Former secretary of homeland security under President Donald Trump. A former governor of South Dakota, she had no law-enforcement experience before joining the department. She was fired on March 5th 2026 after a controversy over a $220m advertising campaign—one ad featured her on a horse in front of Mount Rushmore telling immigrants: "Break our laws, we'll punish you." Noem claimed Trump had signed off on the campaign; he denied it. Trump announced her dismissal in a lengthy Truth Social post focused largely on her successor, Markwayne Mullin, a senator from Oklahoma.

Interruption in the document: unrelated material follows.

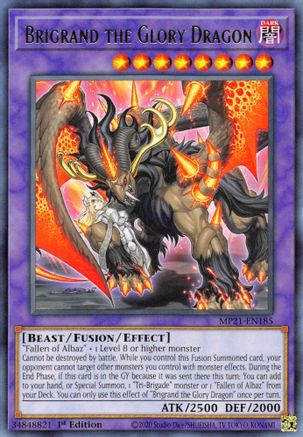 Brigrand the Glory Dragon [MP21-EN185] Rare - Yu-Gi-Oh! - Card Brawlers | Quebec | Canada |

Noem oversaw DHS's transformation into an entity focused first and foremost on immigration policing. Congress directed nearly $170bn to the department's immigration agencies. Corey Lewandowski, her right-hand man, created an environment of fear and intimidation within the department, according to officials who left. She posed with a gun alongside ICE agents on the southern border.
She and defence secretary Pete Hegseth were given a deadline of April 20th 2025 to recommend whether the Insurrection Act should be invoked for immigration enforcement; the deadline passed without clarity on how the administration would proceed.
By May 2025 America's immigration detention centres had reached capacity: roughly 49,000 detainees against a congressional allocation for 41,500 beds. Stewart Detention Centre, America's second-biggest immigration facility, in rural Georgia, had roughly 1,750 beds but was holding around 2,200 people; newcomers slept on the floor. ICE's acting director, Todd Lyons, called for a deportation system that functions "like Amazon Prime, but with human beings".
Noem filmed herself at a grotesquely overcrowded megaprison in El Salvador to which roughly 280 immigrants were sent in March and April 2025. She was wearing a $50,000 Rolex.
On May 27th 2025 Noem addressed a rally in Jasionka, Poland, days before the presidential run-off, urging Poles to elect Karol Nawrocki and implying that American troops would remain only if Poles chose a leader willing to work with Trump.
By late January 2026 two Republican senators, Thom Tillis and Lisa Murkowski, had called for Noem's resignation over the handling of a Minneapolis crackdown. A rush to train thousands of new ICE recruits meant that many agents sent into cities were ill-prepared to deal with protests.
Two days after being fired, Noem was thanking Trump for a new assignment as special envoy, hosting the first meeting of the "Shield of the Americas", a hitherto non-existent coalition of right-leaning countries in the western hemisphere.